- Kunma Location in Myanmar (Burma)
- Coordinates: 22°58′44″N 99°27′36″E﻿ / ﻿22.979°N 99.46°E
- Country: Myanmar
- Division: Wa SAD (de jure) Wa State (de facto)
- Township (de jure) County (de facto): Mong Maoe
- Time zone: UTC+6.30 (MMT)

= Kunma =

Kunma (Chinese transcription of Dai: 昆马), known in Wa as Taoh Mie ( "source of the Mie River"; Mandarin: 格迈) and in Burmese as Hkun Mar (ခွန်းမား), is a town in the Wa Self-Administered Division, Shan State, Myanmar. It is de facto administered by Wa State.

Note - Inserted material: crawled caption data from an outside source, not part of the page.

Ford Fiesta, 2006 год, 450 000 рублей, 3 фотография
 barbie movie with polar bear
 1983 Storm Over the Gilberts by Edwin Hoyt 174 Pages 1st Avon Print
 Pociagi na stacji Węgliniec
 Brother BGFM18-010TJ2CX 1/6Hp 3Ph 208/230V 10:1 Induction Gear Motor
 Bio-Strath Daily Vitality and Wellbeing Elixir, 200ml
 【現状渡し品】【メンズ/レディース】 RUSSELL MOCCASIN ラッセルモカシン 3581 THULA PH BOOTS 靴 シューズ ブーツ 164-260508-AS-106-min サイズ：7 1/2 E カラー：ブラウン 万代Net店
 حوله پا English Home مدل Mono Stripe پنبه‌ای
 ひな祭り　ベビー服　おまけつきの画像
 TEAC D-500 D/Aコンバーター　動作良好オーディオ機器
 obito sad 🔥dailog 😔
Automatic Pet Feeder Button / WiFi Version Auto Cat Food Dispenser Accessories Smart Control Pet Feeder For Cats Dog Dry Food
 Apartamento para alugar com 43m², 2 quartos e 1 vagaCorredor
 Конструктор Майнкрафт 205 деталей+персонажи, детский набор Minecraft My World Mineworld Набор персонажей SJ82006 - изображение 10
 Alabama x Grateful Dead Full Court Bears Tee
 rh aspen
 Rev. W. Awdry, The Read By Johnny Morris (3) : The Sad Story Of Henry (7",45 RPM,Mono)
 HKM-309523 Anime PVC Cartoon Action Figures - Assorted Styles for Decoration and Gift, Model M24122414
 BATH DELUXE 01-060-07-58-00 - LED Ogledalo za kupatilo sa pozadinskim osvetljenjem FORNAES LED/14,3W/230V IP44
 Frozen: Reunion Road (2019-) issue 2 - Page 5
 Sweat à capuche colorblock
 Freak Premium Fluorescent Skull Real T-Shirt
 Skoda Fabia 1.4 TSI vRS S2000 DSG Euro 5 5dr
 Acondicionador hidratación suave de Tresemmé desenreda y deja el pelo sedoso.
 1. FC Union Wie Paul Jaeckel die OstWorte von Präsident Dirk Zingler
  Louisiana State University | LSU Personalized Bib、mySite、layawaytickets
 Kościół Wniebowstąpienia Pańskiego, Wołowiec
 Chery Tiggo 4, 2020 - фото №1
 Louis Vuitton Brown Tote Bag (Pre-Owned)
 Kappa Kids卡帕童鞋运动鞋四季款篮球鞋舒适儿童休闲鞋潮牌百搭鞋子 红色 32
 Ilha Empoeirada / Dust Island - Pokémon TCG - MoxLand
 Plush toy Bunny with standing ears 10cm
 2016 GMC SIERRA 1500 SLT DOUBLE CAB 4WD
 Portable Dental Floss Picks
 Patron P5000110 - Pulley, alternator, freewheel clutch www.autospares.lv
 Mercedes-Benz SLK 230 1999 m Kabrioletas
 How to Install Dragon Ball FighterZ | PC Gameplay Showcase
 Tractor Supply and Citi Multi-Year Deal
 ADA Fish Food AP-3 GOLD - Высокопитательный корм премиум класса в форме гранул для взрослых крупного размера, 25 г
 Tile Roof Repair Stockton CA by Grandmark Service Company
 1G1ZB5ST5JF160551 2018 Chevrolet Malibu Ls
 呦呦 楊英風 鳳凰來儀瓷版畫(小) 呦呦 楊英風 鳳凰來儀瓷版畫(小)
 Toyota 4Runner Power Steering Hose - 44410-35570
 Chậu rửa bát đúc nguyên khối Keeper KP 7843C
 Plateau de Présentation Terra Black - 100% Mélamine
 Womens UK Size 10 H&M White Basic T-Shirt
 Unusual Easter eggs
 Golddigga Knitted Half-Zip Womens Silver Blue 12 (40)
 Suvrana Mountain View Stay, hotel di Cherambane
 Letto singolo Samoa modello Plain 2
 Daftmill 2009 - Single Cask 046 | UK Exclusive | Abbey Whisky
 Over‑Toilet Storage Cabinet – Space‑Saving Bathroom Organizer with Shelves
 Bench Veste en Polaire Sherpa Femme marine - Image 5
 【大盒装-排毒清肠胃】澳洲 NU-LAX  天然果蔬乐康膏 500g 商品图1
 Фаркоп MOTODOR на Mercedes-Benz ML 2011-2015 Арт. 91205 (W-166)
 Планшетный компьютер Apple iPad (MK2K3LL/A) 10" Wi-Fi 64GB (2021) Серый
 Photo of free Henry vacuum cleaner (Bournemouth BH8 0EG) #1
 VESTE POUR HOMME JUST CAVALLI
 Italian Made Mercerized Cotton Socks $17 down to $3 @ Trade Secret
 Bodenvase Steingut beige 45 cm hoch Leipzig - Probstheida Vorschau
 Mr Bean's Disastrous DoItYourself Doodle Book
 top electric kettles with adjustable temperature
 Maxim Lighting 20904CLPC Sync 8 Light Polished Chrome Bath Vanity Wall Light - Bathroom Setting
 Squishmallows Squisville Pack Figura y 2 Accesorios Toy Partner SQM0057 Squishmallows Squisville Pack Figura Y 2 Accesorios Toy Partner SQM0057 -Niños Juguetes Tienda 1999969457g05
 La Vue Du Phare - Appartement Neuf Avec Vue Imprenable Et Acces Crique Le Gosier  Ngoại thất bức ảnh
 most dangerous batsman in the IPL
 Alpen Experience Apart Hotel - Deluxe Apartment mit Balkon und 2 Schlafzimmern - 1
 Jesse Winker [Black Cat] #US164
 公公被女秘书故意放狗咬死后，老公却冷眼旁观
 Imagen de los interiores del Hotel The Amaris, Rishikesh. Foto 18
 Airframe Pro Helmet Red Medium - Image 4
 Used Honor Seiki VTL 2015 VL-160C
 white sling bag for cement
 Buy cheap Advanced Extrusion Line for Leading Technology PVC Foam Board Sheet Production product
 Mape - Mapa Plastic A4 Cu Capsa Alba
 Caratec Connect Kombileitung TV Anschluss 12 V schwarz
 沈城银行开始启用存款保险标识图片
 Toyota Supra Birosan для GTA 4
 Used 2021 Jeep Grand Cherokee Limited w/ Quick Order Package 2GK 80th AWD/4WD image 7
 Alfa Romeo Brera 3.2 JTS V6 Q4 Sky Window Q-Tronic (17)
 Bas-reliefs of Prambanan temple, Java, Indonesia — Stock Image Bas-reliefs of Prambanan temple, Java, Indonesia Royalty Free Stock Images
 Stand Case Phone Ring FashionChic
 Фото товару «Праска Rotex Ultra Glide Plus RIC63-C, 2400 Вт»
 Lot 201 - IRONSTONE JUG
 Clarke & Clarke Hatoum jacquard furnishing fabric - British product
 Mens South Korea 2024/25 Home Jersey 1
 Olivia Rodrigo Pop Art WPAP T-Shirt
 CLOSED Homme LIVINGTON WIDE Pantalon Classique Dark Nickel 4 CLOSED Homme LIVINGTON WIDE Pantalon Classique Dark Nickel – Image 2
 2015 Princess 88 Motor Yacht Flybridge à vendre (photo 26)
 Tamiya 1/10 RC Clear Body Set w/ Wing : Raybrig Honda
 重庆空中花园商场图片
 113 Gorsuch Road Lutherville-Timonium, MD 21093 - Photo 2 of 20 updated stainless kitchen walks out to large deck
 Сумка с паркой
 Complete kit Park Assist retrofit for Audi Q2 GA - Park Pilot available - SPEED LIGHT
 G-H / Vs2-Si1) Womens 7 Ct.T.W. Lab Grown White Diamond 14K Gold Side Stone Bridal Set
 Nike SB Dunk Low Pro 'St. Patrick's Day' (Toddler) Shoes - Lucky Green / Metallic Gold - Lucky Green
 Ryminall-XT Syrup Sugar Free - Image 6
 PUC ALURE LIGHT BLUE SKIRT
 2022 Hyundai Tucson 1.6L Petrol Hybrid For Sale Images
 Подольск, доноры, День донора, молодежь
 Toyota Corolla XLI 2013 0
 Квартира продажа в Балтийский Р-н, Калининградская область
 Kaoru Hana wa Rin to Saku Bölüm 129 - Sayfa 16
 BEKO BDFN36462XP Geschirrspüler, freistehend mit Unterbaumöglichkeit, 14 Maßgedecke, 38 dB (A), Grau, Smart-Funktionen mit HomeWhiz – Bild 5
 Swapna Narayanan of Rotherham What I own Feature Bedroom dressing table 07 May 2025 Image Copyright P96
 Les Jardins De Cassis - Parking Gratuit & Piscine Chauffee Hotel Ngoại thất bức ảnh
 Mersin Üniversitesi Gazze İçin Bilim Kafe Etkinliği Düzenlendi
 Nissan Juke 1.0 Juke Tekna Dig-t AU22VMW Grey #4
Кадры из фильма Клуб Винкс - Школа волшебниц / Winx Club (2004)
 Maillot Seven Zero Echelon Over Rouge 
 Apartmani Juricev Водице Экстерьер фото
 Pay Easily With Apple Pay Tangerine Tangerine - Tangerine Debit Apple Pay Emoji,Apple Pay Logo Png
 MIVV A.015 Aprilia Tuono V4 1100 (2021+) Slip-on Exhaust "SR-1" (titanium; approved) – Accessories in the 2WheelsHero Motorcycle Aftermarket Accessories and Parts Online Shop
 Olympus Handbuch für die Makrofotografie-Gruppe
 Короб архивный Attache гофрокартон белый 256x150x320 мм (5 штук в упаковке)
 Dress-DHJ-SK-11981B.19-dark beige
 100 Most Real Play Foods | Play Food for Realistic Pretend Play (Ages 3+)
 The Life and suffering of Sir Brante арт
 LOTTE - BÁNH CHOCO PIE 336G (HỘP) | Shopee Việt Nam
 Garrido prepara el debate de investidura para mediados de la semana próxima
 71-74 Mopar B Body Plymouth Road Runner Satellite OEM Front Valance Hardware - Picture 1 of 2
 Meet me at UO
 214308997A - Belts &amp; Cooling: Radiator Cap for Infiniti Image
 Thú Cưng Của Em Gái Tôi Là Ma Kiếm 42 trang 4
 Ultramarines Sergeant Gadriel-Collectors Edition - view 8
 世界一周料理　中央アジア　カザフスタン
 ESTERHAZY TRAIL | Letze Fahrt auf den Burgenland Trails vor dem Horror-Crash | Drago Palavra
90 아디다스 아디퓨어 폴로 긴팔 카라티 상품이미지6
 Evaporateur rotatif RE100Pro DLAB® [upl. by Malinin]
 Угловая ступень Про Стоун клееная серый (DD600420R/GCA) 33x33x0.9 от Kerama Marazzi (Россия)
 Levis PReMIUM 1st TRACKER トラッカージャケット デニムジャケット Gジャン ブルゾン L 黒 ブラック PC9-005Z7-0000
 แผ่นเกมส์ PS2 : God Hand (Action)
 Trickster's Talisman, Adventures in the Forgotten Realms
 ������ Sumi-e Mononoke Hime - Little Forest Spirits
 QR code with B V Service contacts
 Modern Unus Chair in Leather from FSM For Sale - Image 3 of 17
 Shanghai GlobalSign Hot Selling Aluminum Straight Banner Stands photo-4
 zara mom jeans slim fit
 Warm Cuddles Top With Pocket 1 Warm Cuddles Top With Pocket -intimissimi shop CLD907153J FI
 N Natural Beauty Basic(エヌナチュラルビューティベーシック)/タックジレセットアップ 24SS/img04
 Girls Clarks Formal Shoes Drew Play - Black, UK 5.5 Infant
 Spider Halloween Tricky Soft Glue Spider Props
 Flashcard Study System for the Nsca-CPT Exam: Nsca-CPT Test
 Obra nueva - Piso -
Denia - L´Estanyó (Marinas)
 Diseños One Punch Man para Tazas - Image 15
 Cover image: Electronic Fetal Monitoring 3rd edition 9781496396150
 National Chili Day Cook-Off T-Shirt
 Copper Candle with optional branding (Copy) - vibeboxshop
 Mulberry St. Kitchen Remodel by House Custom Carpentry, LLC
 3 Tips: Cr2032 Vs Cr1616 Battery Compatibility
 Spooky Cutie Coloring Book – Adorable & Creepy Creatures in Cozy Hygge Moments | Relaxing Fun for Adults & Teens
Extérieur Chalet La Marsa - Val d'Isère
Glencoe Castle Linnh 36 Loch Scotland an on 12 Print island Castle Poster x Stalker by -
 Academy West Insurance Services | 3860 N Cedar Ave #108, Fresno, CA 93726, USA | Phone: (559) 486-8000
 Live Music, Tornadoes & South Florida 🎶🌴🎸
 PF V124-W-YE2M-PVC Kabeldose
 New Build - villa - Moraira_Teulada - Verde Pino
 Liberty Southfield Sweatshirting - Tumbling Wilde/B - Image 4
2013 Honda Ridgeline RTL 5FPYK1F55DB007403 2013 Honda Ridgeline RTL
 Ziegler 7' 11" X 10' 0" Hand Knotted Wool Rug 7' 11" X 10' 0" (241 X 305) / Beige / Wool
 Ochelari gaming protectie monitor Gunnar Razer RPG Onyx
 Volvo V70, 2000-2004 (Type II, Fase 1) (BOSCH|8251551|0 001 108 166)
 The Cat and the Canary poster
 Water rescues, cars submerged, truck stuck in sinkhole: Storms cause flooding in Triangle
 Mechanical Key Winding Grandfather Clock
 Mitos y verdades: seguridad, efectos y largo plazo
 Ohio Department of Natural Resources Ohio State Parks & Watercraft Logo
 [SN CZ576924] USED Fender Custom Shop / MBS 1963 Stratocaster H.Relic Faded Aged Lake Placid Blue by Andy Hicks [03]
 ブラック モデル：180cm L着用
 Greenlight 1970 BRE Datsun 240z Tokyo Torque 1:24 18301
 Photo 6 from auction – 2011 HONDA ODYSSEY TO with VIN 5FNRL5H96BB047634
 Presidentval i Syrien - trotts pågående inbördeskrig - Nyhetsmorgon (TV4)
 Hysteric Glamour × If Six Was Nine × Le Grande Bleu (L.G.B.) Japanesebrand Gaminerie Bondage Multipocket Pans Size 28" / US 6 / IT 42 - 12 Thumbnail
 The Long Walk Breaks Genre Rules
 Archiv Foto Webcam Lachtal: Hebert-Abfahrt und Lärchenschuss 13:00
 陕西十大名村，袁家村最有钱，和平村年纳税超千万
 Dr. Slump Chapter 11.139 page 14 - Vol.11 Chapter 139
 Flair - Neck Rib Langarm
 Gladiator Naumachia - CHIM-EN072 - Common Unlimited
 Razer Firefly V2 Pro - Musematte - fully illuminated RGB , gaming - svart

The town has a diverse population of Bamar, Kokang, Panthay and Wa residents.

== Administration ==
Under the Wa State, Myanmar, the Taoh Mie District is subdivided into
- Taoh Mie Township (Wa: daux eeng Taoh Mie; Mandarin: 昆马乡，"到蔑"),
- Taoh Saoh Township,
- Man Raix Township,
- Man Rai Township,
- Yaong Lhai Township,
- Gawng Goeh Township,
- Yaong Ting Township,
- Yaong Tu Township,
- Dongxing (Tong Sing) Township, and
- Yaong Noung Township
All above names except for Dongxing are in the Wa language.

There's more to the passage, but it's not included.